The pathway(s) by which disuse is transduced into locally mediated osteoclastic resorption remain unknown. We found that both acute disuse (in vivo) and direct hypoxia (in vitro) induced rapid upregulation of OPN expression by osteocytes. Within the context of OPN's role in osteoclast migration and attachment, hypoxia-induced osteocyte OPN expression may serve to mediate disuse-induced bone resorption.

Introduction: We have recently reported that disuse induces osteocyte hypoxia. Because hypoxia upregulates osteopontin (OPN) in nonconnective tissue cells, we hypothesized that both disuse and hypoxia would rapidly elevate expression of OPN by osteocytes.
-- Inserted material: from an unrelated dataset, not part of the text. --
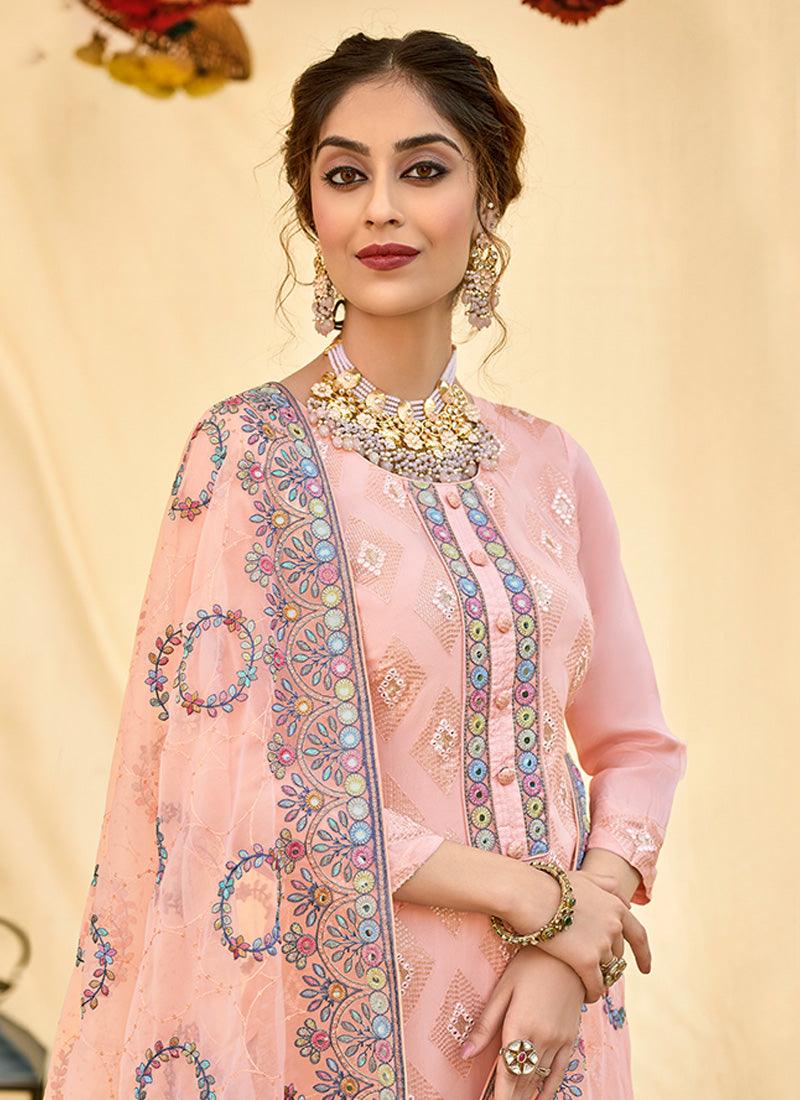 Peach Color Organza Base Palazzo Salwar Suit With Sequins Work Sale 2025 Newest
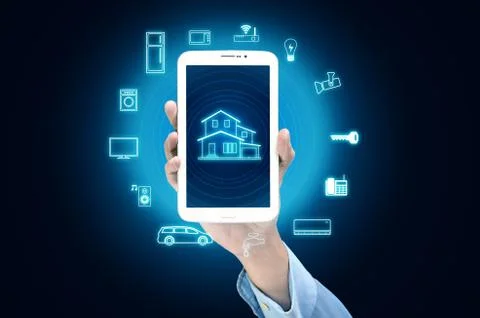 Internet of things and smart home concept Stock Photos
Materials and Methods: The response of osteocytes to 24 h of disuse was explored by isolating the left ulna diaphysis of adult male turkeys from loading (n = 5). Cortical osteocytes staining positive for OPN were determined using immunohistochemistry and confocal microscopy. In vitro experiments were performed to determine if OPN expression was altered in MLO-Y4 osteocytes by direct hypoxia (3, 6, 24, and 48 h) or hypoxia (3 and 24 h) followed by 24 h of reoxygenation. A final in vitro experiment explored the potential of protein kinase C (PKC) to regulate hypoxia-induced osteocyte OPN mRNA alterations.

Results: We found that 24 h of disuse significantly elevated osteocyte OPN expression in vivo (145% versus intact bones; p = 0.02). We confirmed this finding in vitro, by observing rapid and significant upregulation of OPN protein expression after 24 and 48 h of hypoxia. Whereas 24 h of reoxygenation after 3 h of hypoxia restored normal osteocyte OPN expression levels, 24 h of reoxygenation after 24 h of hypoxia did not mitigate elevated osteocyte OPN expression. Finally, preliminary inhibitor studies suggested that PKC serves as a potent upstream regulator of hypoxia-induced osteocyte OPN expression.
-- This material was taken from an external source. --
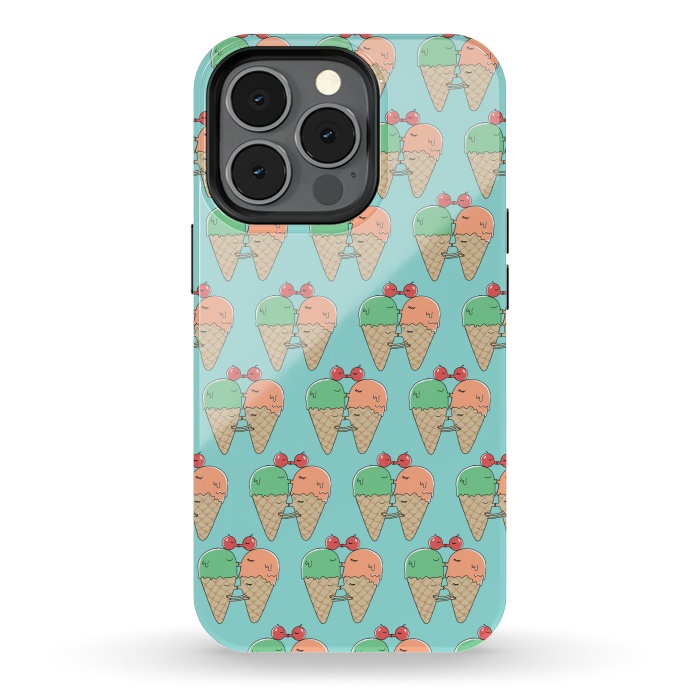 iPhone 13 pro StrongFit Sweet Kiss Pattern by Coffee Man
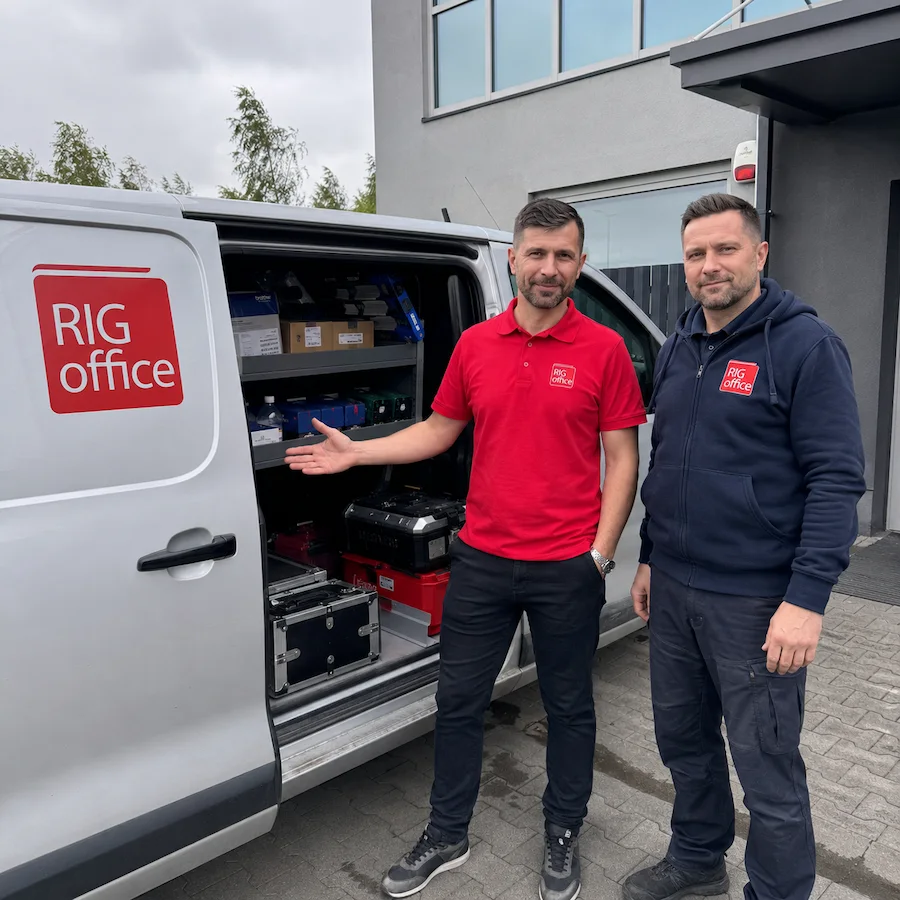 Pracownicy RIG Office przy samochodzie serwisowym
Conclusions: Given the documented roles of OPN as a mediator of environmental stress (e.g., hypoxia), an osteoclast chemotaxant, and a modulator of osteoclastic attachment to bone, we speculate that hypoxia-induced osteocyte OPN expression may serve to mediate disuse-induced osteoclastic resorption. Furthermore, it seems that a brief window of time exists in which reoxygenation (as might be achieved by reloading bone) can serve to inhibit this pathway.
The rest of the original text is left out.